Zaczyna mocniej grzmieć. Tłumaczę sobie, że jesteśmy w górach, że duża mgła, więc będzie grzmiało, ale tylko grzmiało. Oj, naiwny. Najpierw kropi delikatnie, potem nagle „jebut” z góry. Na ostro. Otwarta przestrzeń, mega śliskie kamienie i schody, nie jest fajnie. O tyle dobrze, że co jakiś czas na Murze są strażnice z dachem. Ale zaraz, najbliższy dach za 300 metrów. A między mną, a nim jest jakieś 50 m w dół i 70 m w górę. Szybka decyzja – sprint i zaklinanie, żeby tylko się nie poślizgnąć i nóg nie połamać. A stromo jest, że hoho!
Udało się! Tyle co wbiegłem, zaczęło walić gradem. Co za pogoda!
Ale przecież, jak jest deszcz, to nie ma mgły! Efekt krótkiego prysznica był taki, że po 20 minutach lania i lanie i mleko zniknęły i Mur pokazał się w całej okazałości. I po raz kolejny zbieram szczękę z ziemi…
Wielki Mur

Wielki Mur

Wielki Mur

Wielki Mur

Tak. Teraz dopiero zaczęła się przyjemność ze zwiedzania. Ludzie niemalże znikli. Cała reszta była mniej istotna :)

Zabawiliśmy na Murze chyba jeszcze ze 2h. Nieźle, jak na raptem niecałe 2 km dostępne do spacerowania dla turystów. I wróciliśmy do domu.

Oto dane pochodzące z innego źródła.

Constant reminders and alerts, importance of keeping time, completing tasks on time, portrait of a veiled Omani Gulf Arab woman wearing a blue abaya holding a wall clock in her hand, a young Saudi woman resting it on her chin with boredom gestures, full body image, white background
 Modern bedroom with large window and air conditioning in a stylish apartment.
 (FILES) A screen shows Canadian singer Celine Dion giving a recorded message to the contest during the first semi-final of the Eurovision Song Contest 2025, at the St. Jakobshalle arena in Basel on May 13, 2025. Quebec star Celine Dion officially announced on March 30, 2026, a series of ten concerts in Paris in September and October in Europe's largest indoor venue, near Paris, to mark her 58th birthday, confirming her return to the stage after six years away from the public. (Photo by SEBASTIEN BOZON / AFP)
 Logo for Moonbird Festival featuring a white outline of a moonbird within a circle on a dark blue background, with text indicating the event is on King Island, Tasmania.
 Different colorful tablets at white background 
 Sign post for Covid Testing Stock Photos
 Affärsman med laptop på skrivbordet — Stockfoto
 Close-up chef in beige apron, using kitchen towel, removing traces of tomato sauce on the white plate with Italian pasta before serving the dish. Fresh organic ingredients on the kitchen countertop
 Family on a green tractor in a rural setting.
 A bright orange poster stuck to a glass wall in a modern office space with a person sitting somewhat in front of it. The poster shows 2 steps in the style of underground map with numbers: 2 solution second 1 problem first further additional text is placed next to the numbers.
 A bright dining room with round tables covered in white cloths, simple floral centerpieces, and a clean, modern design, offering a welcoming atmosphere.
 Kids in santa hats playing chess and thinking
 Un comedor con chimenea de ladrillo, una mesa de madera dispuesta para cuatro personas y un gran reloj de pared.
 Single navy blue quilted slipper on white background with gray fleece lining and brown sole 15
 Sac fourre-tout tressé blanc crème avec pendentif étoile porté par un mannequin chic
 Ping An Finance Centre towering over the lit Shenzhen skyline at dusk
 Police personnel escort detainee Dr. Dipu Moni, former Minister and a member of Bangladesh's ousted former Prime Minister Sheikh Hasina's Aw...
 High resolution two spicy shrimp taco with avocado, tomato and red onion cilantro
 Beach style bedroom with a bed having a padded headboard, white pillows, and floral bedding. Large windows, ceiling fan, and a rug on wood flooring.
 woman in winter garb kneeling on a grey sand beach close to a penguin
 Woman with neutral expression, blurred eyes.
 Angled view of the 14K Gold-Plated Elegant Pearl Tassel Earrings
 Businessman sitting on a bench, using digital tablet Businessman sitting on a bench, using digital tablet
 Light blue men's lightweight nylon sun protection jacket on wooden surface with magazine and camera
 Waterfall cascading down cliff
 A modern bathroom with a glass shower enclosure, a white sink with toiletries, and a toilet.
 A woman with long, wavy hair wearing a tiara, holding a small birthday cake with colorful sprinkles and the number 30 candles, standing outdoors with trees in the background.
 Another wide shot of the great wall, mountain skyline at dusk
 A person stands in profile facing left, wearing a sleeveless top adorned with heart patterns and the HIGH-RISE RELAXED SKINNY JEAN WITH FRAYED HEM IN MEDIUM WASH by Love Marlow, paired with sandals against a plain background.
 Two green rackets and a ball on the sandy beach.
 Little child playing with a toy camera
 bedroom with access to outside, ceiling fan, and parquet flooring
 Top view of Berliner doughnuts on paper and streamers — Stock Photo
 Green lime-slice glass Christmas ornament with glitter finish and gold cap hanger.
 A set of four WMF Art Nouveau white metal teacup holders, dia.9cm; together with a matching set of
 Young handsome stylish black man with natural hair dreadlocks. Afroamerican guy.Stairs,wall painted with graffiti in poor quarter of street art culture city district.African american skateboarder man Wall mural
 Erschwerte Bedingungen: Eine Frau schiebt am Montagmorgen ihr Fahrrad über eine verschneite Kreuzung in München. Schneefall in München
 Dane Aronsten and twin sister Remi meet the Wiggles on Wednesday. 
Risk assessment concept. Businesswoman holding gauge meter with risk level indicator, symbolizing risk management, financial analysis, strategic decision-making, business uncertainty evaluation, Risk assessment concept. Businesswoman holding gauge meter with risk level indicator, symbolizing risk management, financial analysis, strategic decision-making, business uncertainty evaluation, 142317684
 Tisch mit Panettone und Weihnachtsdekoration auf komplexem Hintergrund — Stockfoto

I tyle. To był nasz cały plan na Pekin. Zostawał nam jeszcze jeden dzień – sobota. Przeznaczyliśmy ją na jakieś małe zakupy, poszliśmy do Pearl Market popatrzeć na „oryginalną” elektronikę, okulary i zegarki made in china. Proponowano mi kupienie dwuterabajtowego pendrive w niewiarygodnie niskiej cenie – aż zacząłem się zastanawiać, czy tak bardzo jestem w tyle, bo nie wiedziałem, że takowe już produkują :)
Ale zakupy poczyniłem. 64 GB pendrive „marki” SanDisk za jedyne 35¥ (mniej niż 20 zł) – sprawdzałem na miejscu, niby działa! Kolejny powerbank, 10400 mAh, za jedyne 40¥ – już sprawdziłem, fake, nawet telefonu w całości nie naładuje, czyli było 1:1.
Myślę, że jest tak, że gdy sprzedawca „nie umie” się targować i zejdzie np. ze 120¥ na 40, to sprzęt jest gównem. Czasem zdarzają się rzeczy dobrej jakości, ale wtedy nie ma aż tak dużej opcji na zbicie cen. Oczywiście i tu i tu można bawić się jak w Kole Fortuny, czyli bierzesz bramkę w ciemno, ale na końcu jest tak jak w kasynie, sprzedawca czasem straci, ale w końcowym rozrachunku zawsze musi być sporo na plus.
Następnym razem będę mądry.

Po zakupach. Przed nami teraz chyba najcięższa część wyprawy – podróż do Władywostoku.